When Lindsay wanted to sell his car in late 1970, it was purchased by Bill Sutherland, the owner of Sutherland-Marlow Inc., a Mercedes-Benz dealership in Spokane. His ownership was brief, lasting only a year, but Sutherland used 3257 frequently, putting almost 10,000 miles on the car that year. His final repair order dates to November 24, 1971 with an odometer reading of 28,547 miles.
In December 1971, 3257 was purchased by Mercedes-Benz dealer, Phil Smart Sr. There are numerous repair orders from Smart's ownership at his dealership in Seattle, WA. He fastidiously maintained the Roadster, and in 1977 a repair order documents removing chrome and rubber for painting and re-installing chrome and rubber after painting. The car's last recorded mileage under his ownership was in 1976 at 32,635 miles.
Smart would keep the Roadster in his possession until the early 1980's. Long time car collector and entrepreneur, Gordon Apker, got a call from Smart's bank offering him the 300SL along with four other collector cars in order to put Smart's dealership's business loan back on ratio. The one stipulation was that he had to pay for them all by 2pm. Apker countered with the provision that the bank had to deliver the cars to him. By 6pm that night Smart's five-car collection was in Apker's garage.

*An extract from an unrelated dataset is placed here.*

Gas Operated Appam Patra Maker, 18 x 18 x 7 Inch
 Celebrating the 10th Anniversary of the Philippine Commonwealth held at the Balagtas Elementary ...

Apker, who paid just $55,000 for the 300SL, would go on to use the Roadster as a weekend car to drive between his home on Puget Sound and lakeside cottage in Eastern Washington. A few years later Apker would receive an offer he couldn't refuse for the car. David Brice, an Australian investor, put down $500,000 US for the car in late 1988. When a good Roadster was pulling a little over $100,000 this was staggering money and probably a record. That number would not be publicly offered for a Roadster until the mid-2000's.
Brice's collection at the time included the very first alloy Gullwing, which coincidentally was delivered new in the same color combination as 3257. They were a "book end pair" for any serious 300SL collector.
A California based dealer, who to date has owned over two hundred 300SL Roadsters and Gullwings, bought 3257 and the first alloy Gullwing from Brice in 1992. He would go on to sell 3257 in 1995 to a German collector, who asked to remain anonymous. The customs stamping on one of the paper documents, a factory data card, indicates it cleared customs on March 30, 1995.
Five years later, in 2000, Phil Smart Jr. tracked down his father's old 300SL Roadster in Germany and purchased it back. In 2001 he had Rudi Koniczek (Rudi & Company) in Victoria, BC strip 3257 to bare metal, re-paint it in its original white, and give the car a major mechanical service before giving it as a present to his father that same year.
Phil Smart Sr. & then Phil Smart Jr. kept 3257 for another fourteen years, driving it less than 1000 miles in that time. The car would be kept in excellent condition with regular trips to their Mercedes dealership for service and detailing.
The Smart family owned 3257 for a combined 27 years, with the Roadster only being driven a mere 10,000 miles since 1971. An outstanding file of receipts and other history document the current mileage to less than 39,000 original miles.